In Garrwa, the suffix -kunu associated with the causative -mba creates caused motion verbs from verbs of motions or other verbs, often but not always with a sociative causative interpretation (14a vs. 14b; Mushin 2012: 178-179).
(14) | a. | Sociative causative meaning (both causer and causee move) |
---|---|---|
burrij-kunu-mba | ||
cross(water)-CAUS.MOTION-CAUS | ||
‘take something across water’ | ||
b. | Caused motion meaning (causer does not move) | |
ngangkij-kunu-mba | ||
enter-CAUS.MOTION-CAUS | ||
‘put something inside something else’ |
Our survey has confirmed that dedicated sociative causative constructions are rare outside South America, but not in South America, where they are mostly found in Greater Amazonia. Out of the 325 languages included in the ATLAs sample, 19 show a dedicated construction for sociative causation (SocCaus-01), and 15 of these 19 languages are spoken in South America. The prevalence of dedicated constructions in this macroarea is striking: South America is the only macroarea where sociative causation is frequently grammaticalized (15/105). This is all the more telling, given that non-dedicated constructions (SocCaus-07) are evenly distributed across macroareas, with an average attestation of one in four languages.
Dedicated constructions in South America are present across families, with a higher prevalence in the Tupian family, for which a Proto-Tupi “comitative causative” form has been reconstructed (Rodrigues and Cabral 2012: 509, 531-533). Combined with other arguments, our data favors Guillaume and Rose's (2010) hypothesis that the feature has diffused from Tupian languages through pattern borrowing (and not borrowing of a specific morphological form).
Formally, most dedicated sociative causative constructions in our survey use a sociative causative morpheme rather than a combination of morphemes or a specific causee marker. Non-dedicated constructions fall in the types previously described Guillaume and Rose (2007).

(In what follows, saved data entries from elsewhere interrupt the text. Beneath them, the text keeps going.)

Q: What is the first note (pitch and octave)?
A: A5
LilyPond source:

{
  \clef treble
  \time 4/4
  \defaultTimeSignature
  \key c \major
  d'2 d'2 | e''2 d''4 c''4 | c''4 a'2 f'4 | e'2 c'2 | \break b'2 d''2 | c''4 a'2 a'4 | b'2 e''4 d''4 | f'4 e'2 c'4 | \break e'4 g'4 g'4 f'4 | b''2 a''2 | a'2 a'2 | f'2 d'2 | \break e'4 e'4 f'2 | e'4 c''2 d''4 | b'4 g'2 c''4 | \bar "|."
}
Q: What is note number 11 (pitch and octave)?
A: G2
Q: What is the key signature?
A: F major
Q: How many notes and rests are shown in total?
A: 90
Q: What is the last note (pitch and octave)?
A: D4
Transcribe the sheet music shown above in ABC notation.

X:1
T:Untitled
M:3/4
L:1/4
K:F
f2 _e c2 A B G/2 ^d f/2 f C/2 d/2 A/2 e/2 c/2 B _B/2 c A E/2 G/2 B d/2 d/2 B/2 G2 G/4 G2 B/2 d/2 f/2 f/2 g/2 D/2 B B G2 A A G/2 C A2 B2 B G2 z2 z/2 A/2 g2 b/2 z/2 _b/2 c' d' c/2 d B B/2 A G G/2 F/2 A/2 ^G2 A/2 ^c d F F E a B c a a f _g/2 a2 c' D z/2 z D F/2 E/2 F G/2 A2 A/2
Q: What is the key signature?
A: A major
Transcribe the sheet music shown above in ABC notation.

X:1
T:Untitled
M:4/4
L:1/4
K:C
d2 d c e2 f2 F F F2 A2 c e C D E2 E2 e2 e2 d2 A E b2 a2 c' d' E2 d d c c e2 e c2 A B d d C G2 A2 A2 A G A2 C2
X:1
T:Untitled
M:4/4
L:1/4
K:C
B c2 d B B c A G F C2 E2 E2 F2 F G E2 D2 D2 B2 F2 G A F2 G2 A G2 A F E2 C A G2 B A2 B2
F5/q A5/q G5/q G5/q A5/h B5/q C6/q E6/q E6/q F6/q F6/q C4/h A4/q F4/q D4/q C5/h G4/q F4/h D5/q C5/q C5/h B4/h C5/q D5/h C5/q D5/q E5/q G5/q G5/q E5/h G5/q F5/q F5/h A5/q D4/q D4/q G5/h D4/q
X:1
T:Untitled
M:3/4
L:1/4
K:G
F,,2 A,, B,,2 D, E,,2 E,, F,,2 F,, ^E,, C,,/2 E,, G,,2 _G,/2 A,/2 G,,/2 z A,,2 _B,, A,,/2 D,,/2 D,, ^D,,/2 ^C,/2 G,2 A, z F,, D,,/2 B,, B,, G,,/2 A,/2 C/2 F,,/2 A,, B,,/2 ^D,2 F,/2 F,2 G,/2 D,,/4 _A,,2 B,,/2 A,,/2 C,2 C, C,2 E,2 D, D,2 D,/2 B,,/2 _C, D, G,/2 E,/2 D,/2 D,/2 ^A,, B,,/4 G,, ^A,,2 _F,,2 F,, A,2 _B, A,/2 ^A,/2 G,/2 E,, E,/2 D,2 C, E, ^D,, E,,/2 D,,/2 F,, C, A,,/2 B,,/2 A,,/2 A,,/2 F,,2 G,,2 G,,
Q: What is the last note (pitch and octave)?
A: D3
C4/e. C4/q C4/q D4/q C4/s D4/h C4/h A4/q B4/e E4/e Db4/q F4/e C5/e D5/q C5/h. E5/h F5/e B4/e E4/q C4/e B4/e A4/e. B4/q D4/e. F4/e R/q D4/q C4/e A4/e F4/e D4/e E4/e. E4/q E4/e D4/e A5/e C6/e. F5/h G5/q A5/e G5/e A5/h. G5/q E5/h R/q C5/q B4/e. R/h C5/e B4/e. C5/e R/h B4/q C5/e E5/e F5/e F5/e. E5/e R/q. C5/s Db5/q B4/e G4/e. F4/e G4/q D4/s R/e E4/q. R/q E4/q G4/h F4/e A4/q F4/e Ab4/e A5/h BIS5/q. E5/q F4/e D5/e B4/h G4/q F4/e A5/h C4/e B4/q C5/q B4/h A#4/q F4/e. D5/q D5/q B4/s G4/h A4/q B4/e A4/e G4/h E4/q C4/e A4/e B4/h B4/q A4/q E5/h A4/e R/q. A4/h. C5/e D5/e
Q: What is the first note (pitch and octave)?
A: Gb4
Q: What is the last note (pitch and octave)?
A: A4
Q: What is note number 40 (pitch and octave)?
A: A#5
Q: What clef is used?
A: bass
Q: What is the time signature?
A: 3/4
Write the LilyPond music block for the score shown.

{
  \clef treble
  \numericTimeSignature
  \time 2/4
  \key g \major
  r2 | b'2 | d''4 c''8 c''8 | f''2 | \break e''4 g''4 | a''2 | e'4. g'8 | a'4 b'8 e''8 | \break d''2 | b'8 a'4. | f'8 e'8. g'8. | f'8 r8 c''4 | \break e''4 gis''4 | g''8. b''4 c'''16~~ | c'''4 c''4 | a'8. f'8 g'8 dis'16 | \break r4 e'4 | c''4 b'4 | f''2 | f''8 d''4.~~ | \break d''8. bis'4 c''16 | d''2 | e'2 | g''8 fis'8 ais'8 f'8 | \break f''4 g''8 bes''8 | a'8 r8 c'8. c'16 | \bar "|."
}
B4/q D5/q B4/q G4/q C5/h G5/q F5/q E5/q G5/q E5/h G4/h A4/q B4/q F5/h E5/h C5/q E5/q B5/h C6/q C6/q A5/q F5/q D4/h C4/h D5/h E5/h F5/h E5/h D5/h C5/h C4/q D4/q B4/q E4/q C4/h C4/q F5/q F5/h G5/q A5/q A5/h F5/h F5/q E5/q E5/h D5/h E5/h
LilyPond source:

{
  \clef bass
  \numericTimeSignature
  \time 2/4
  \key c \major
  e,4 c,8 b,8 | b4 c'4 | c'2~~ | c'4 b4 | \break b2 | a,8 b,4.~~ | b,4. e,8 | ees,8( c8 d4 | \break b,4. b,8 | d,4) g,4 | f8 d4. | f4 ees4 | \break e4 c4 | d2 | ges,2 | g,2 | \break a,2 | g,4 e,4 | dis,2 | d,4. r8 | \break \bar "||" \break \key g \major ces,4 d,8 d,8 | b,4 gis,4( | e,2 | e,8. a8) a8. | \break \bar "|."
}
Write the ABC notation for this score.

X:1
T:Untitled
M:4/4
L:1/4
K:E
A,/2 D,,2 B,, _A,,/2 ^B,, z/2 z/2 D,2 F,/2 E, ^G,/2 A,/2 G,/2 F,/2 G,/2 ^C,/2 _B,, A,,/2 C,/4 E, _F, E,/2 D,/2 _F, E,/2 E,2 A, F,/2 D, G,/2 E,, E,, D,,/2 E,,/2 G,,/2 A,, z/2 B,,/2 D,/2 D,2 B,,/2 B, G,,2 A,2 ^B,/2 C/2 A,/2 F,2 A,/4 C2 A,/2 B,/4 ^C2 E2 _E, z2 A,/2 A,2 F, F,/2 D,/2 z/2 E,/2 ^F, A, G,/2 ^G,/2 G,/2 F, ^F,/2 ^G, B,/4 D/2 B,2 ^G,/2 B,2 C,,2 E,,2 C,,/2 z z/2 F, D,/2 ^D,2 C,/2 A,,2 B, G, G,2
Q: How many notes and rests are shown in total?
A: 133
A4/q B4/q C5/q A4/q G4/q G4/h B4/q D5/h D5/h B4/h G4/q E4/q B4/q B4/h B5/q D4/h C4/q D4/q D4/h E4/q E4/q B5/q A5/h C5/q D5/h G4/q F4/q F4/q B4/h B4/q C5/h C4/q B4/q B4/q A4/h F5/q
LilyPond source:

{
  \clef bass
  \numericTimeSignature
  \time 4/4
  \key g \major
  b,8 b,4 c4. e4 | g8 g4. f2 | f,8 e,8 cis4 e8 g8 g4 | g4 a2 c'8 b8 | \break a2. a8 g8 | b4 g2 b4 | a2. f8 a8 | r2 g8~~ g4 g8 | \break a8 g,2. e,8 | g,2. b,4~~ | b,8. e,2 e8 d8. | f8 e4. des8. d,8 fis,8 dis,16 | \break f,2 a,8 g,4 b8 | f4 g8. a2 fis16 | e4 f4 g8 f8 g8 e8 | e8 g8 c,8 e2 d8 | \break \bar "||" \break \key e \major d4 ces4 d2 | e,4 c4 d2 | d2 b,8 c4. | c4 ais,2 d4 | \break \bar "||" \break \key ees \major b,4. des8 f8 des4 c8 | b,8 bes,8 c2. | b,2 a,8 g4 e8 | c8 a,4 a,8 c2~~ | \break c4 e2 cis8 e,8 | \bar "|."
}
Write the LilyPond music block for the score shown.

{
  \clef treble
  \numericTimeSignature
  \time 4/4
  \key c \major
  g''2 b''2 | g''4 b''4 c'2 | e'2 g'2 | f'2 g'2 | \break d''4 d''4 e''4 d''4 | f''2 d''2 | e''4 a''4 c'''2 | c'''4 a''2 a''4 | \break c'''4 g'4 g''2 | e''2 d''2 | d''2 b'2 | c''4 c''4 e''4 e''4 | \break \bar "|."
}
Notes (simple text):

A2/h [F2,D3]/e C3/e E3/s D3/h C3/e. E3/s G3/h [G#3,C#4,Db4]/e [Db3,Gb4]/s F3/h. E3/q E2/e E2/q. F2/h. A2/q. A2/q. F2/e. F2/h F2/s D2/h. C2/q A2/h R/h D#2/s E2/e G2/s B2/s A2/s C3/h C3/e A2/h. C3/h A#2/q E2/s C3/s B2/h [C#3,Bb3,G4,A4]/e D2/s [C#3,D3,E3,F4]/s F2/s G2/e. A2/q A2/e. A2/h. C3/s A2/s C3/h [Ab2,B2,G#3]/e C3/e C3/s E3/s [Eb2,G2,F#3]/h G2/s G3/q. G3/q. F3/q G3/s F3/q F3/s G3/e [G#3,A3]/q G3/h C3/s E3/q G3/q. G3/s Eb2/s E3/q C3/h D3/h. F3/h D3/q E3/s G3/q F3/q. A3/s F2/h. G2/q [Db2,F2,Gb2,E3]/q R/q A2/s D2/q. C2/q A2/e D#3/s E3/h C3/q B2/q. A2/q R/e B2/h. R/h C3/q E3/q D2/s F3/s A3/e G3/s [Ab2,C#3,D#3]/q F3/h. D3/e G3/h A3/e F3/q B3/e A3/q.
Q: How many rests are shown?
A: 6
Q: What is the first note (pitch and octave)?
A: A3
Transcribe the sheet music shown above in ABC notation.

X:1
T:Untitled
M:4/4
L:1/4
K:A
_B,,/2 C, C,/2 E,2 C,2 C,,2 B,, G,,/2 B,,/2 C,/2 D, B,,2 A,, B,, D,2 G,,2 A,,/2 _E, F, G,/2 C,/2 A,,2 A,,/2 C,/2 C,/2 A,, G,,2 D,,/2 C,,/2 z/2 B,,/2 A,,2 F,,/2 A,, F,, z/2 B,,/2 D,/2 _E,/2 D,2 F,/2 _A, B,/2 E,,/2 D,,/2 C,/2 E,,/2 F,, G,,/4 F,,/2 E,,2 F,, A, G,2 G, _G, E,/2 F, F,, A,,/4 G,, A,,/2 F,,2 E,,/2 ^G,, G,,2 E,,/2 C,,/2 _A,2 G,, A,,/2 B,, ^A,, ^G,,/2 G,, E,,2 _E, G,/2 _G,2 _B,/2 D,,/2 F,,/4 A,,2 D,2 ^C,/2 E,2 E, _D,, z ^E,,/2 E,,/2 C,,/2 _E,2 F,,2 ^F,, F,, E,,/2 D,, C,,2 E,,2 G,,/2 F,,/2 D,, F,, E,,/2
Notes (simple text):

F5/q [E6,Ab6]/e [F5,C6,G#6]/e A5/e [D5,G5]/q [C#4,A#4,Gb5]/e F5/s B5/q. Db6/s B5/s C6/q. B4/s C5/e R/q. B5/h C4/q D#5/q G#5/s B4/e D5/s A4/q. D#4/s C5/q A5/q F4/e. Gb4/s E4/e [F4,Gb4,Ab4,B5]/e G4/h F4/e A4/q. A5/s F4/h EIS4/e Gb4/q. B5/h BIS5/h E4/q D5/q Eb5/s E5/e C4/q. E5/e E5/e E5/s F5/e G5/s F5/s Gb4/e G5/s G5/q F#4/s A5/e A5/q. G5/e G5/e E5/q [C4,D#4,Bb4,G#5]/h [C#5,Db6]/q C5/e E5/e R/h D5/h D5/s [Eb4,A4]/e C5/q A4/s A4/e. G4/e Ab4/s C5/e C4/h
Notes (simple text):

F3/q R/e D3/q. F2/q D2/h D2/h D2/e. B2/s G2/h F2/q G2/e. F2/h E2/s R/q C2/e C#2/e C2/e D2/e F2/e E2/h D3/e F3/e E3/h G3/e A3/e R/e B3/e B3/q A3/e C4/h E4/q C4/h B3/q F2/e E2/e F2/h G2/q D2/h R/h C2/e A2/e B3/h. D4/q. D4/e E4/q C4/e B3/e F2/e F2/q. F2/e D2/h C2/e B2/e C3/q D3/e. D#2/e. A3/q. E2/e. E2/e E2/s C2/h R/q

As for the semantic observations, the results remain exploratory as the information was frequently too scarce in the sources. In some grammars, like the one of Teko (Rose 2011) or Yurakaré (van Gijn 2006), many illustrating examples were available, allowing for a reliable account of the productivity of the morpheme with different semantic verb types. In others, like the one of Borum [kren1239] (Nuclear-Macro-Je; Brazil) (Seki 2004) or Ese Ejja (Vuillermet 2012), examples were scarce and did not allow us to be categorical about apparent gaps. Ungrammaticality of specific semantic combinations was very rarely mentioned. Our observations below could still be used as guidelines for future studies.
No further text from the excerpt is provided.